[Captioned web image data]
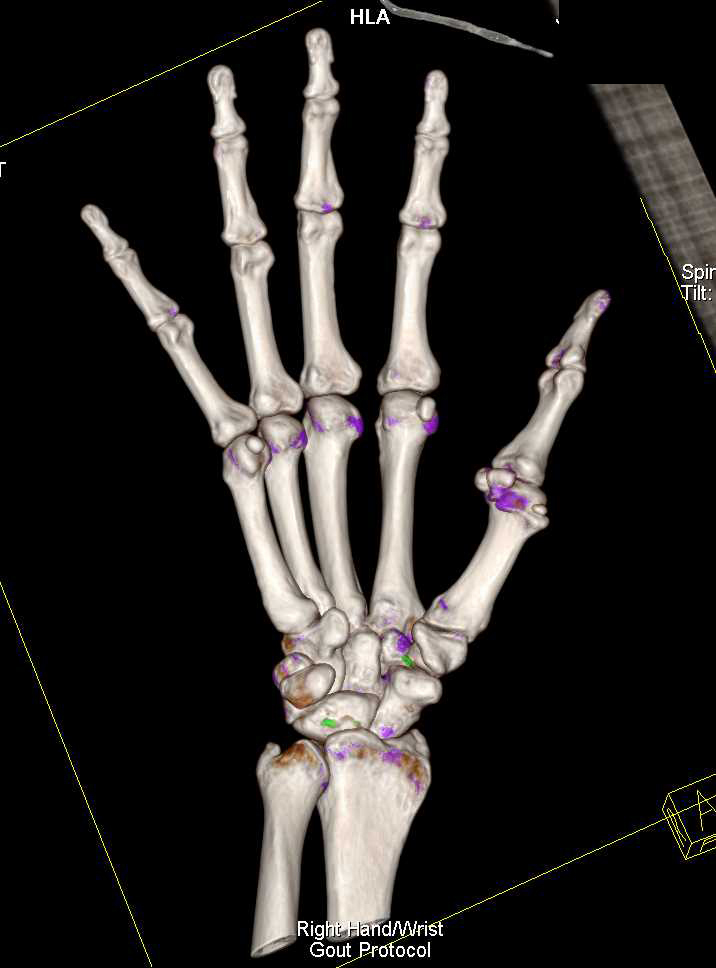 Dual Energy CT of the Wrist and Gout - CTisus CT Scan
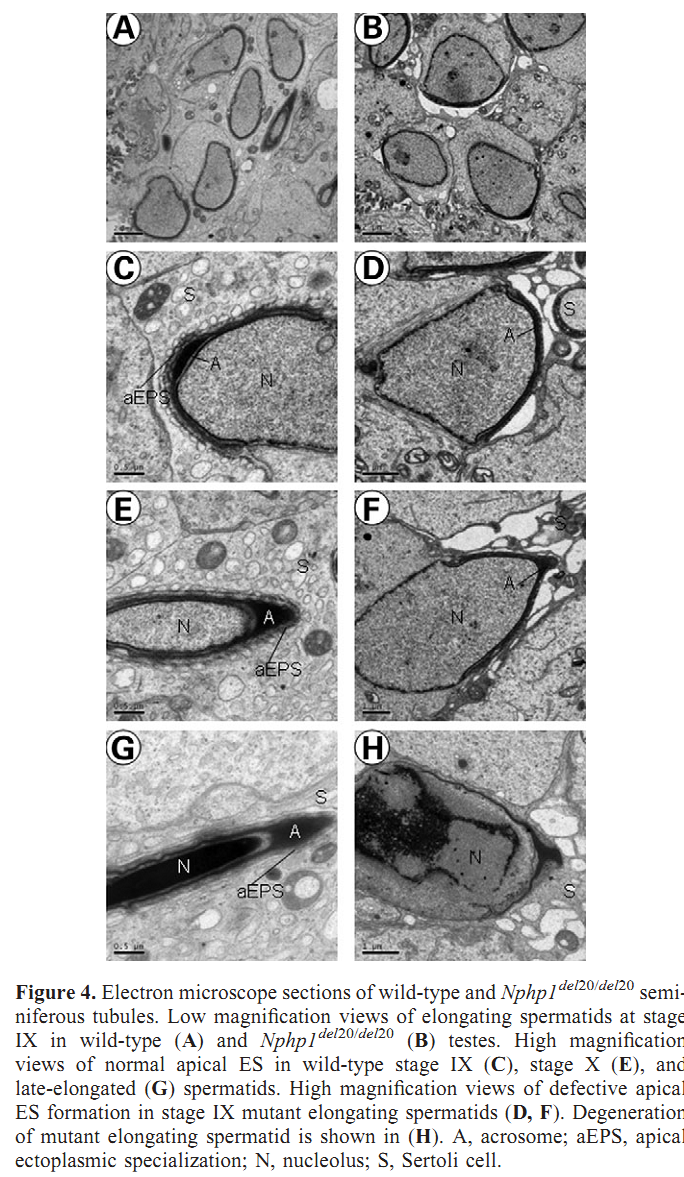 FertilityOnline | Spermatogenes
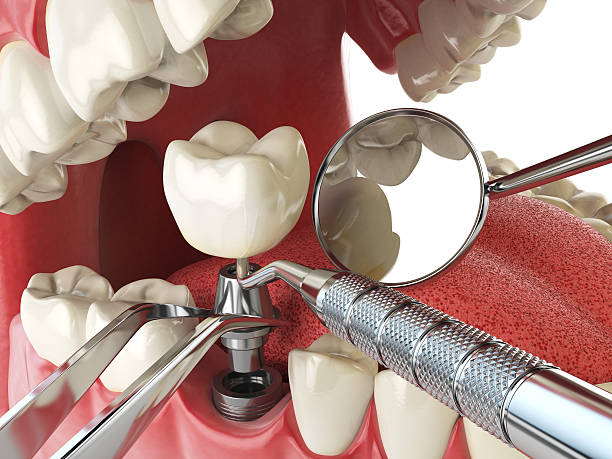 Best Emergency Dental Surgery in San Benito, TX
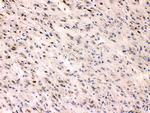 Beta III Tubulin Antibody in Immunohistochemistry (Paraffin) (IHC (P))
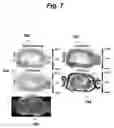 Fig. 06 - Deep learning method for nonstationary image artifact correction
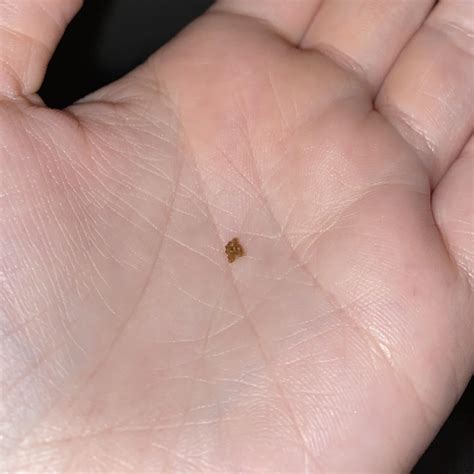 how to pass a kidney stone fast 12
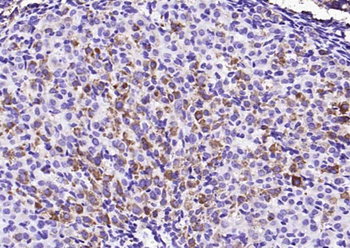 ALOX15B Rabbit Polyclonal Antibody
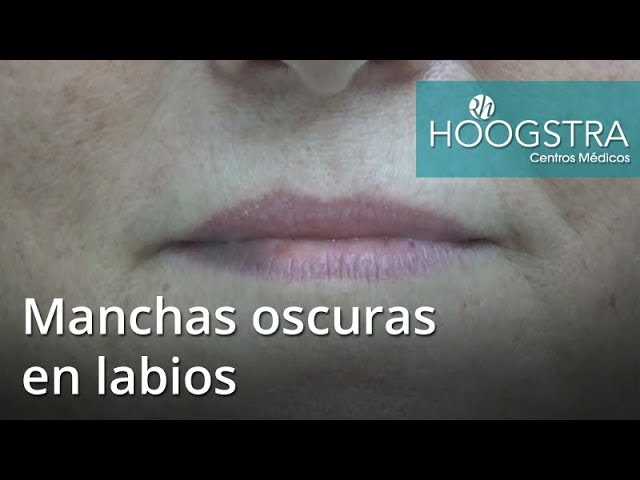 mancha violácea en el labio inferior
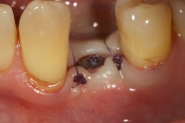 4-implant-surgical-site-closed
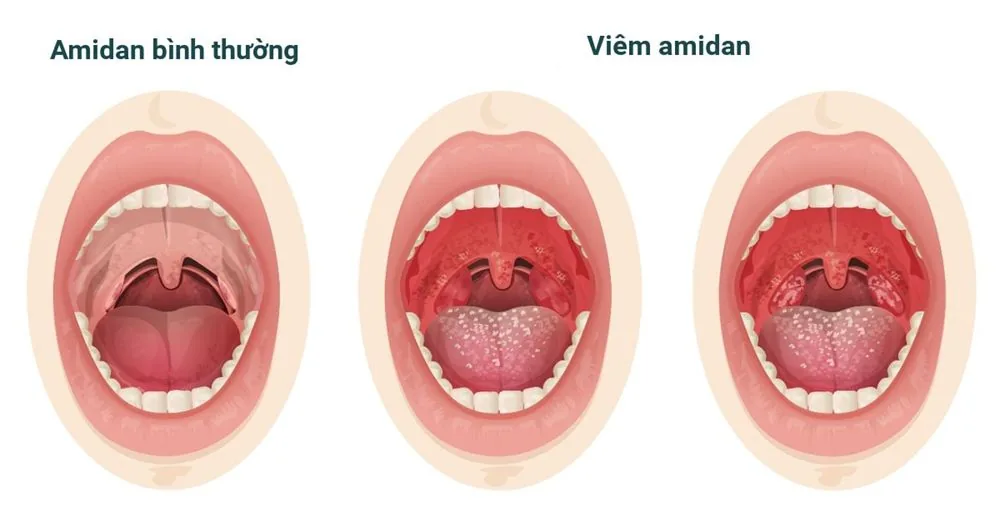 Bệnh viện Sante - Nguyên nhân nào dẫn đến đau họng? Triệu chứng_ cách chữa trị (Hình 4)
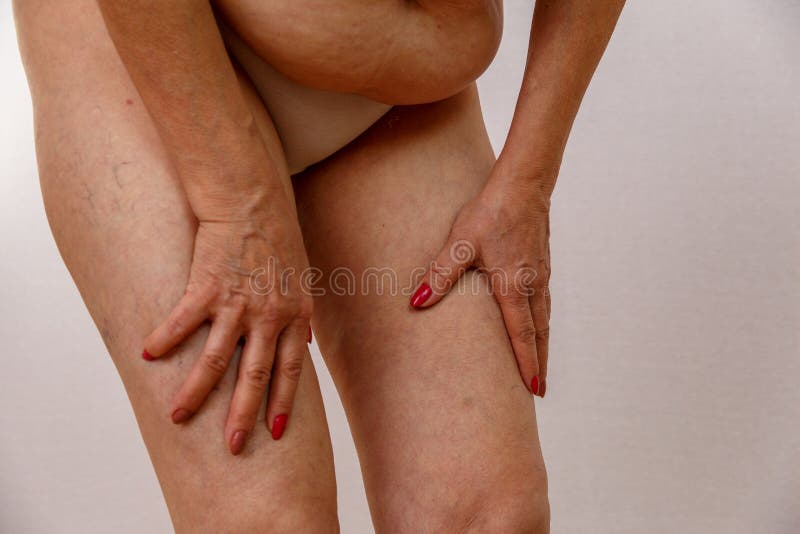 Una donna anziana in mutandine bianche sta toccando le sue gambe con le celluliti e le vene varicose su un fondo isolato leggero fotografia stock libera da diritti Una donna anziana in mutandine bianche sta toccando le sue gambe con le celluliti e le vene varicose su un fondo isolato leggero fotografia stock libera da diritti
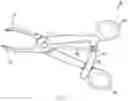 Fig. 11 - Devices and systems for nail-based bone fixation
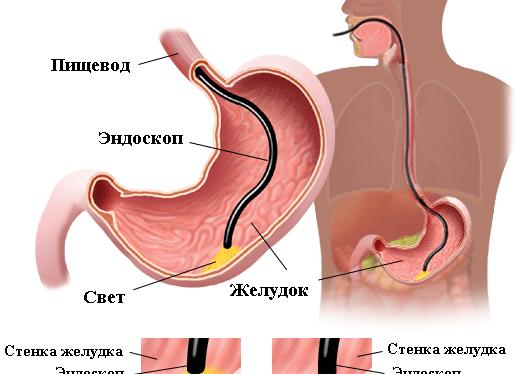 Хеликобактер пилори передается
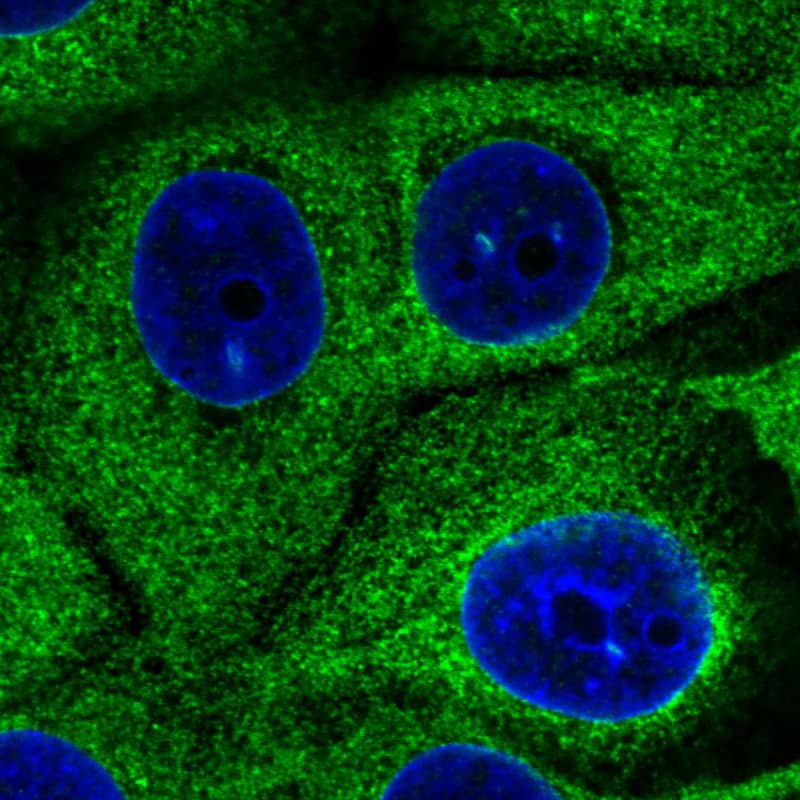 Staining in MCF7 cell line  showing specific staining of endoplasmic reticulum in green. Microtubule- and nuclear probes are visualized in red and blue respectively (where available).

Requirement = Any pictures above are to be left out. Retype the rest of the records exactly.

Solution for this task =
 Dual Energy CT of the Wrist and Gout - CTisus CT Scan
 FertilityOnline | Spermatogenes
 Best Emergency Dental Surgery in San Benito, TX
 Beta III Tubulin Antibody in Immunohistochemistry (Paraffin) (IHC (P))
 Fig. 06 - Deep learning method for nonstationary image artifact correction
 how to pass a kidney stone fast 12
 ALOX15B Rabbit Polyclonal Antibody
 mancha violácea en el labio inferior
 4-implant-surgical-site-closed
 Bệnh viện Sante - Nguyên nhân nào dẫn đến đau họng? Triệu chứng_ cách chữa trị (Hình 4)
 Una donna anziana in mutandine bianche sta toccando le sue gambe con le celluliti e le vene varicose su un fondo isolato leggero fotografia stock libera da diritti Una donna anziana in mutandine bianche sta toccando le sue gambe con le celluliti e le vene varicose su un fondo isolato leggero fotografia stock libera da diritti
 Fig. 11 - Devices and systems for nail-based bone fixation
 Хеликобактер пилори передается
 Staining in MCF7 cell line  showing specific staining of endoplasmic reticulum in green. Microtubule- and nuclear probes are visualized in red and blue respectively (where available).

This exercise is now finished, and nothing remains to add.